Teens can be troubled, but a huge new study released this week by the U.S. Centers for Disease Control and Prevention (CDC) reports that gay, lesbian or bisexual adolescents are more likely than their heterosexual peers to take unhealthy risks. The CDC found that gay or lesbian students had higher prevalence rates for seven of the 10 health risk categories: violence, attempted suicide, smoking, drinking, other drug use, risky sexual behaviors and weight management issues. Findings were similar for bisexual students as well.
Howell Wechsler, director of CDC’s Division of Adolescent and School Health (DASH) stated:
“This report should be a wake-up call for families, schools and communities that we need to do a much better job of supporting these young people.

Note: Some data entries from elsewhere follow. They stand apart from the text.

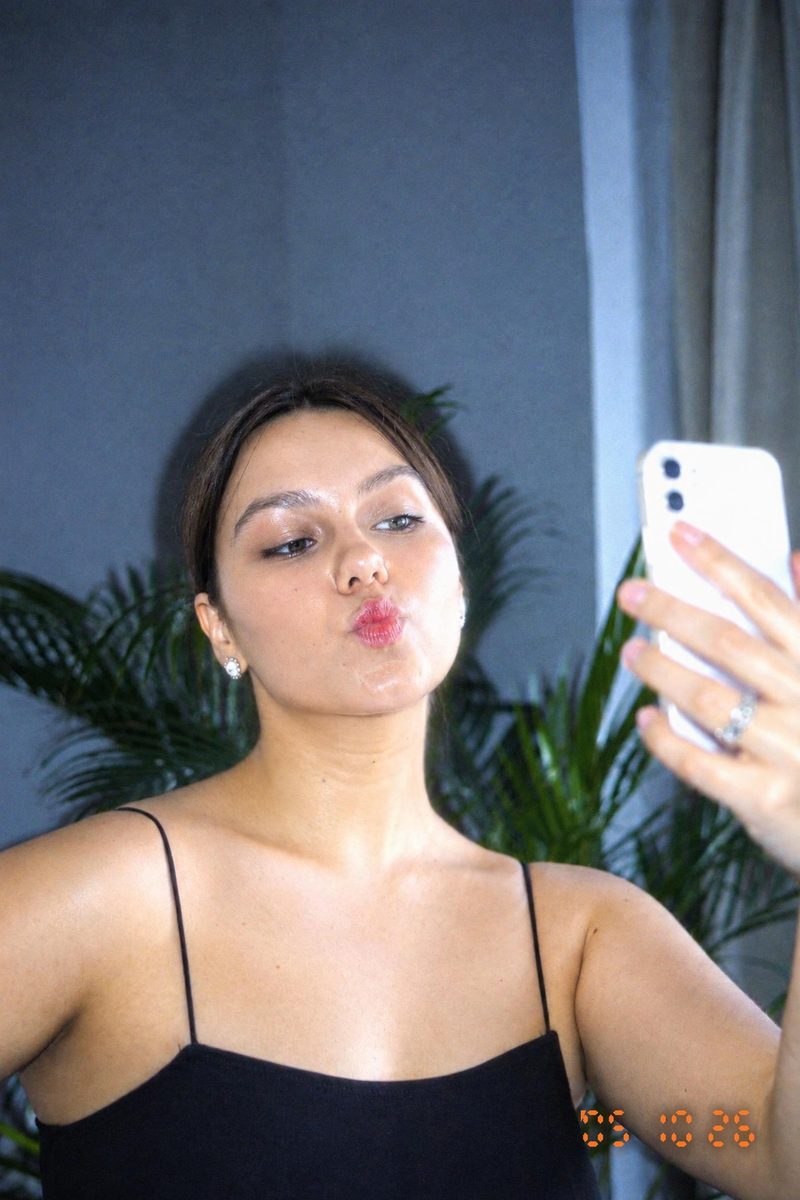 AI-generated: Y2K Compact Digicam AI filter result: woman in a black top taking a mirror selfie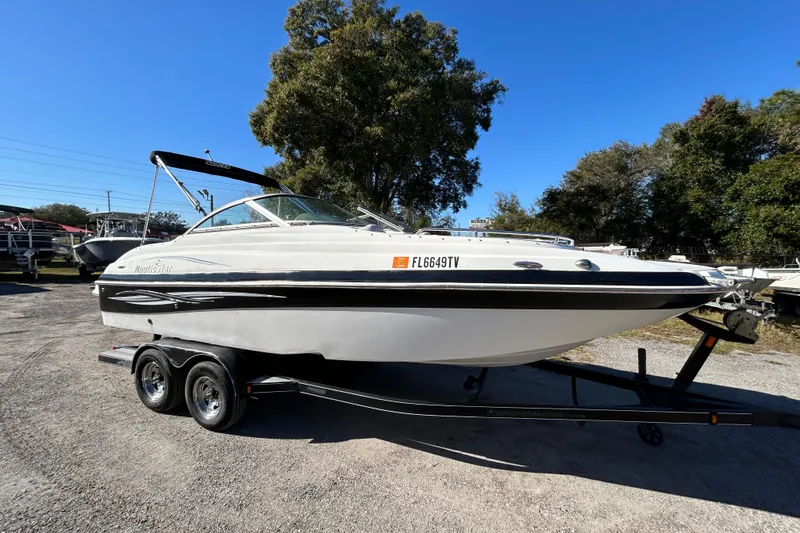 Slide: The Image of 2008 NauticStar 232DC Sport Deck boat on trailer, parked outdoors under clear blue sky. - 19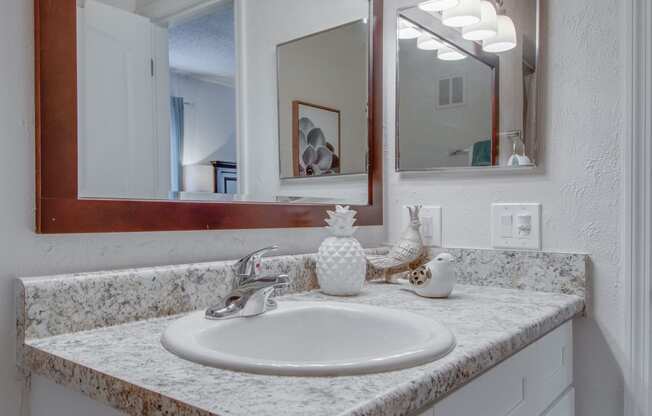 Master bathroom with floating vanities, quartz countertops, backlit vanity mirror, walk in shower with Euro shower door and quartz topped bench seat at Nob Hill Apartments, Nashville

Any effort to promote adolescent health and safety must take into account the additional stressors these youth experience because of their sexual orientation, such as stigma, discrimination and victimization. We are very concerned that these students face such dramatic disparities for so many different health risks.”

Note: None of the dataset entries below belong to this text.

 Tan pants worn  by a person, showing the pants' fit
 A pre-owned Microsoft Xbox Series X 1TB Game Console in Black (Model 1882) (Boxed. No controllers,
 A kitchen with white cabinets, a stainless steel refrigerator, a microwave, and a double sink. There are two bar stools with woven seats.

Besides gathering data on smoking, drinking and drug abuse, the study also examined rates of school absenteeism due to fear of violence (bullying), condom use, physical fitness, poor diet or problems with weight management, such as extended fasting to lose weight.
Bullying in general is on the rise. One out of nine secondary school students, or 2.8 million students, said they have been pushed, shoved, tripped, or spat on during the last school year. Another one-and-a-half million students said they were threatened with harm, and one million students reported they had their property destroyed during the school year.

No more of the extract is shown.